Roughly one in eight, or 12.3%, of home sellers in San Francisco lost money on home sales in the three-month period ending July 31, according to the report.
Detroit, Chicago, New York and Cleveland round out the list of metro areas where the highest share of homeowners lost money on home sales.
But not everyone is losing out in the City by the Bay. Most San Francisco homeowners still make money after selling, with the median home selling for 70.5% more than it was bought for, or $625,500, the report states. If the home seller took a loss, it was typically around $100,000, which was the same loss the average New Yorker suffered when selling a home for less than they bought it for.

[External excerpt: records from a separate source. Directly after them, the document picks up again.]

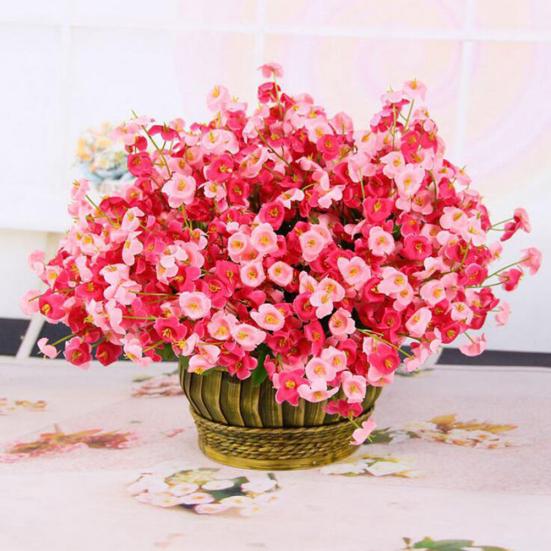 Искусственный шелковый колокольчик, цветок, букет листьев, домашний декор для свадебной вечеринки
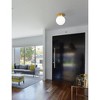 Calhoun 1-Light Flush Mount - Mid-Century Modern & Schoolhouse Design, Dimmable, Damp Rated - 4 of 4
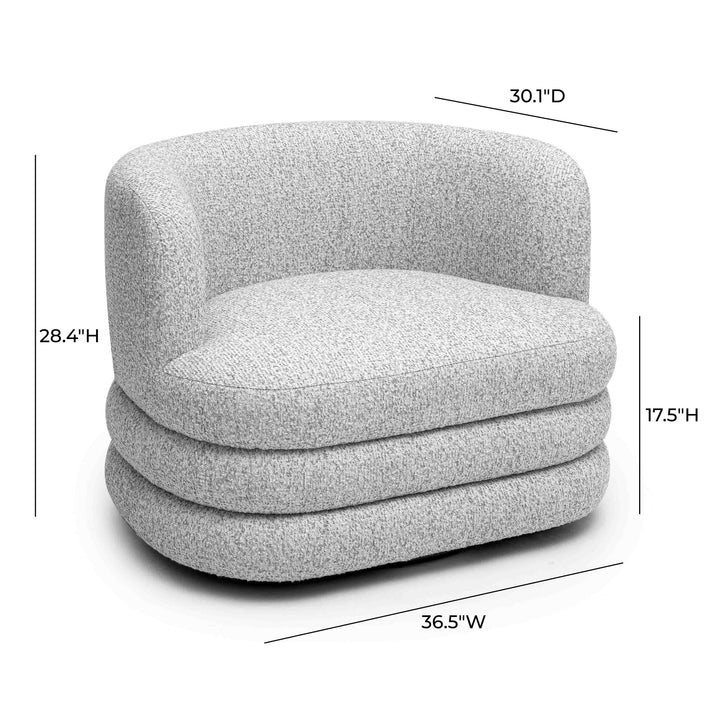 Astor Heavy Performance Boucle Swivel Hotel Lounge Chair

The proportion of homes selling for a loss is a big jump from last year, in which just 5% of San Francisco homes lost money. The total value of San Francisco homes has fallen $60 billion since last summer, according to a Redfin study published in August.

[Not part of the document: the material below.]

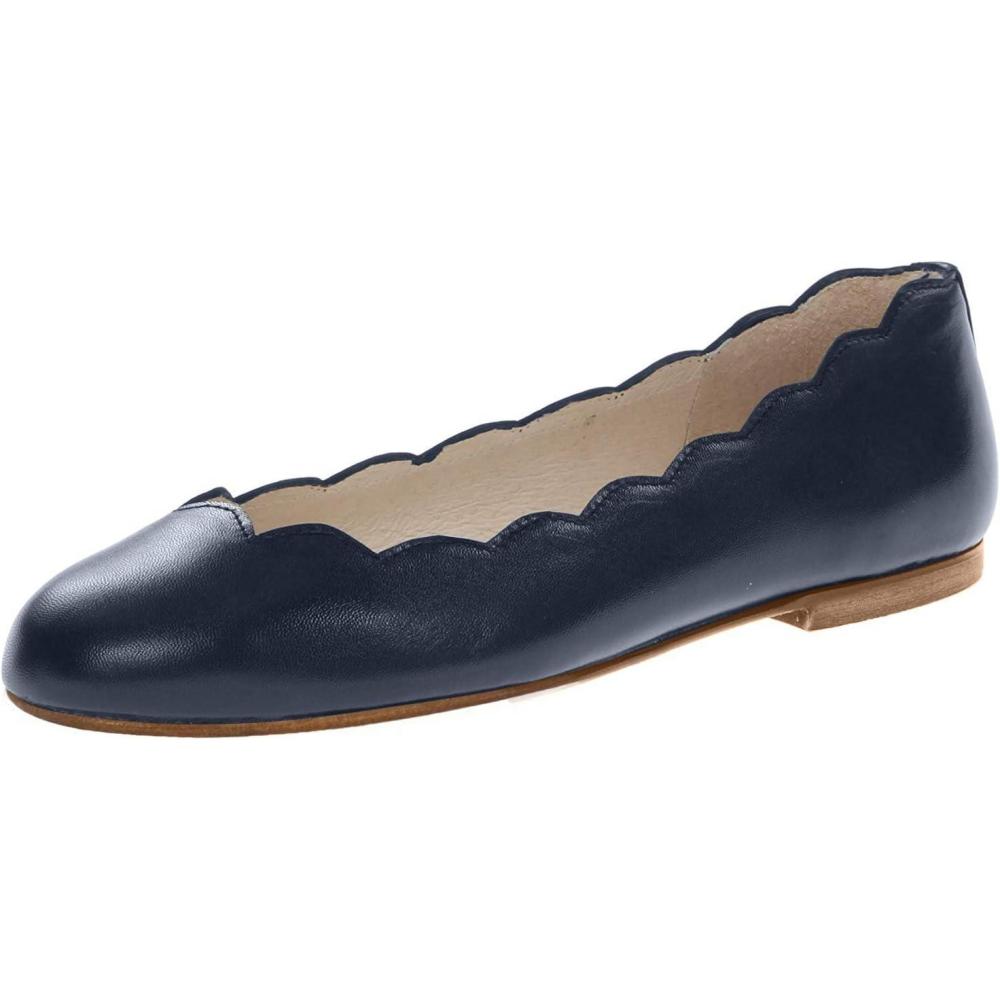 imageFrench Sole FSNY Womens Jigsaw Ballet FlatNavy Nappa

Housing markets nationwide are taking a hit due to factors such as high mortgage rates–which has many homeowners feeling locked in to homes they bought when rates were low–and national home price declines, but the Bay Area has experienced outsize drops due to layoffs in the tech sector this year and remote work allowing people to relocate to more affordable areas.
While the housing market has taken a dip nationally due to high mortgage rates, the rental markets in Bay Area metro areas like Mountain View, Palo Alto and Cupertino are still hot right now, according to a spokesperson from rental platform Zumper. One-bedrooms in these areas are renting between $3,160 and $3,660 on average, ahead of San Francisco, and are in demand due to return-to-office policies.